Native News Online Senior Health Equity Editor Elyse Wild has been selected as one of 21 journalists nationwide to participate in the 2025 National Fellowship at the USC Annenberg Center for Health Journalism.

The competitive program will provide Wild with expert mentoring and a reporting grant ranging from $2,000 to $10,000 as she develops an ambitious health journalism project. The fellowship focuses on issues related to children, youth and family well-being, and community health.
Wild covers health equity in Indian Country through a solutions-focused lens, with particular emphasis on the overdose epidemic in Native communities and Missing and Murdered Indigenous People. Her selection comes as Native Americans face overdose rates 2.6 times higher than white Americans, according to federal data.
The award-winning journalist recently completed a three-part series examining how Native-led programs blend Indigenous practices with Western medicine to address the opioid crisis. The "Two Medicines" series, produced in partnership with the Pulitzer Center on Crisis Reporting, highlighted prevention programs, harm reduction strategies and recovery approaches that honor both traditional and clinical wisdom.
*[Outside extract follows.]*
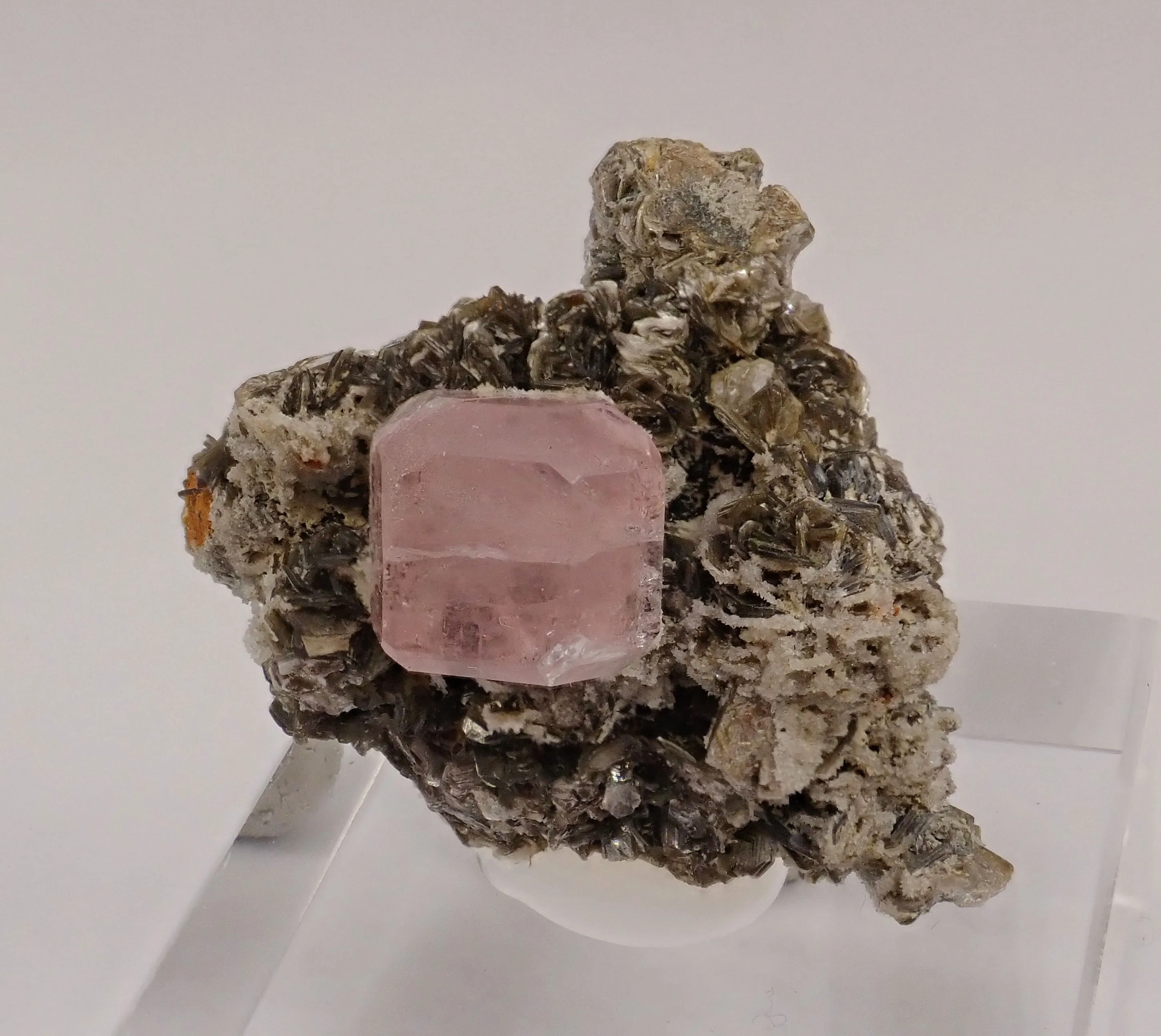 Fluorapatite - image 1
In 2024, Wild received the Excellence in Recovery Journalism Award from Faces and Voices of Recovery for her reporting on addiction in tribal communities. The Pulitzer Center also recognized her work on addiction prevention in Native communities as one of the year's standouts.
The 2025 National Fellowship class includes reporters from major outlets such as National Public Radio, the Los Angeles Times and The New Yorker, as well as regional publications like the Chicago Sun-Times and The Columbus Dispatch. Community and ethnic media organizations represented include Capital B News, Verite News and Prism.
The fellowship is funded by grants from the Robert Wood Johnson Foundation, the Annie E. Casey Foundation and the W.K. Kellogg Foundation. The program will begin with a multi-day learning institute examining how health is shaped by community conditions and structural barriers.
Wild's work has appeared in The Guardian, National Geographic, McClatchy newspapers and NPR affiliates.